Pitch black. That’s the goal. Sleeping in a dark cave where there’s no light. Right. That’s how we evolved over the millennia. But the problem is that that’s actually quite hard to do. You could put blackout curtains and you could turn off the lights, but you could still get a lot of little light pollution that you don’t even realize. For me, one of them was there was a red light on our smoke detector.
And then my phone sitting next to the bed kind of emits a little bit of a light as it’s sitting there charging. And then all of your different devices that maybe you have plugged in, like, if you have an alarm clock or for us, with the eight sleep, these things kind, they put out light, and you just don’t even realize it until you’re trying to get your room into pitch dark. And so the solution that I found very easy, actually surprisingly easy, and the cheapest was putting on a sleeping mask. Just putting on a mask that cuts out all the light. It’s easy to put on, and it puts me immediately into pitch black.
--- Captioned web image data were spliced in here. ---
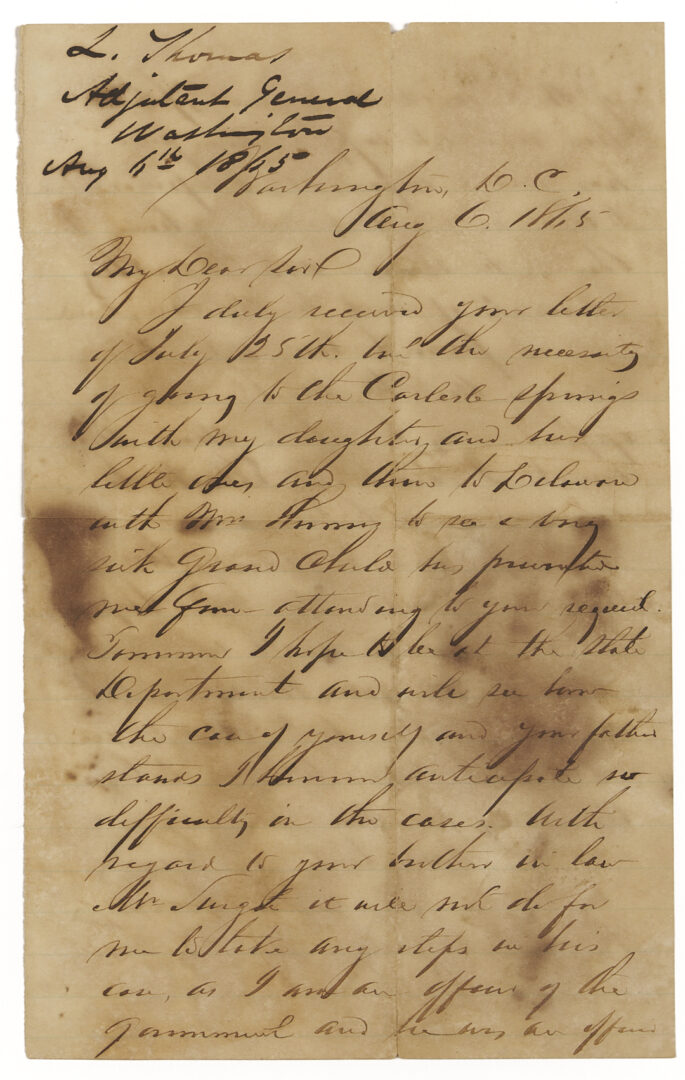 Lot 484: Large A. P. Merrill Family Archive, Natchez, MS, Plantation Interest, c. 1820s-80s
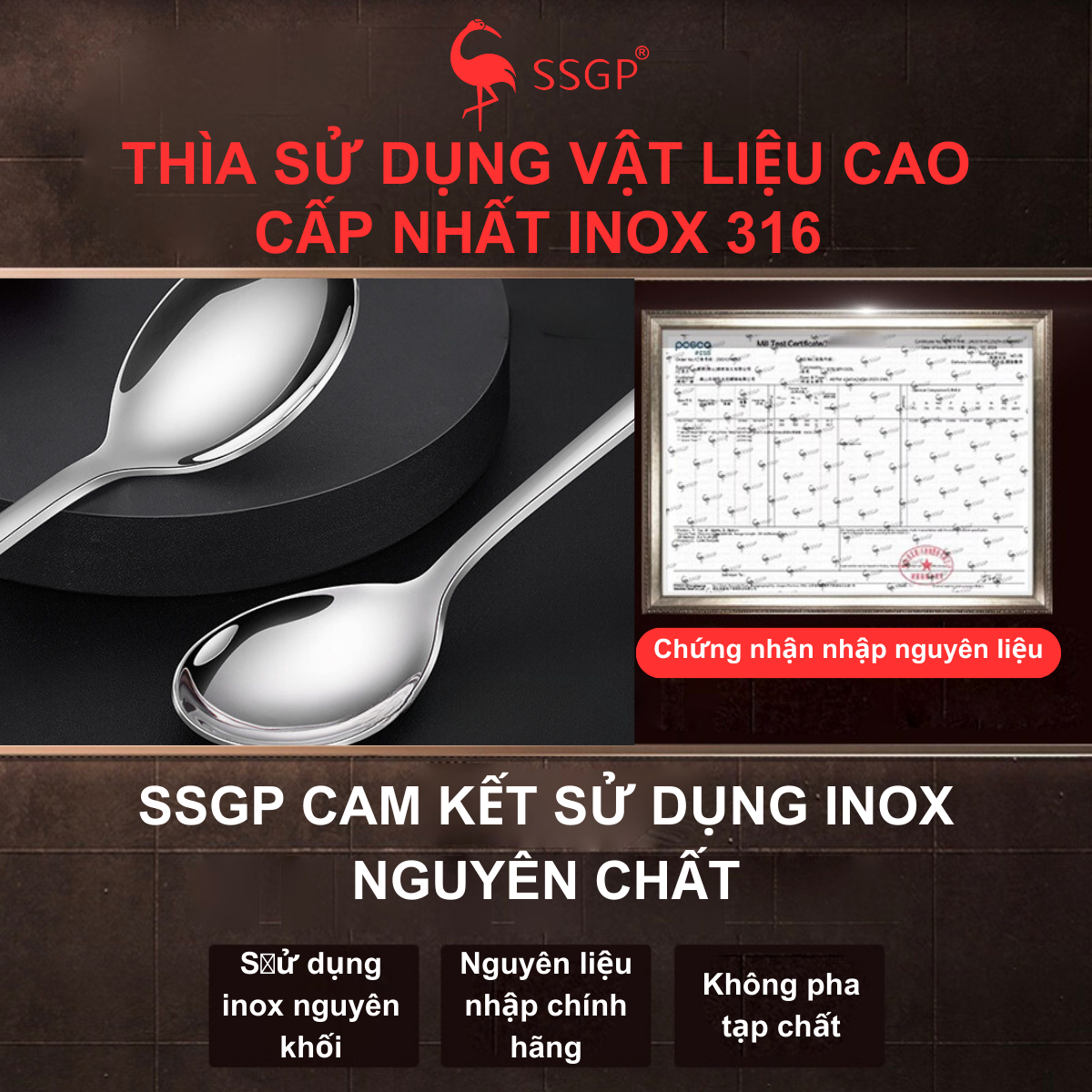 Muỗng inox cán dài 316 Frankfurt của SSGP - Thìa inox 304, muỗng ăn cơm inox - Hình ảnh 8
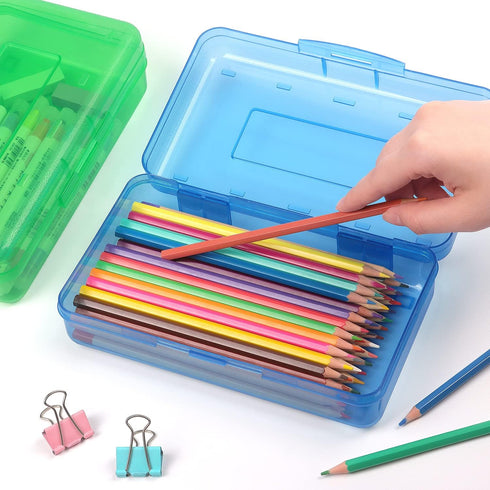 Tamaki Large Capacity Plastic Pencil Box - Clear Box with Snap-tight Lid, Stackable Design, Stylish Office Supplies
I can take it with me anywhere. So when I’m traveling, it’s a great solution. The only downside is that throughout the night, as I roll around, it sometimes rolls off my head, and I’ll wake up in the middle of the night to go to the bathroom.
I’ll be like, hey, where’d my mask go? That doesn’t matter, though, because what the mask really does is it helps you fall asleep faster, so you’re not spending as much time just sitting there trying to fall asleep. And so I wear it at the beginning of the night, fall asleep really quickly, and that’s awesome. If I wake up in the middle of the night to go to the bathroom, I come back, I put it back on, and I fall right back, sleep. So whether or not it stays on while you’re sleeping, not so important, but it’s helping you get into that deep state. So those are the two things that I found way more impactful than the blue blocker glasses. But there’s, like, hundreds of other things that we could explore here. And I’ve talked about it previously on the podcast, but I just wanted to share my experiences with that because I think sleep is one of the most undervalued things that you can use to manipulate your energy levels, your mood, your just general satisfaction with life. It’s a very powerful thing, and you spend a third of your life doing it, so it’s worth getting dialed in.
And hopefully today’s episode helps you do just that. So, as always, guys and gals, I appreciate you being here. Truly. It really does mean a lot to me, so thank you for that. I’ll catch you back around these parts tomorrow, but until then, stay hyper focused, my friend. Bye.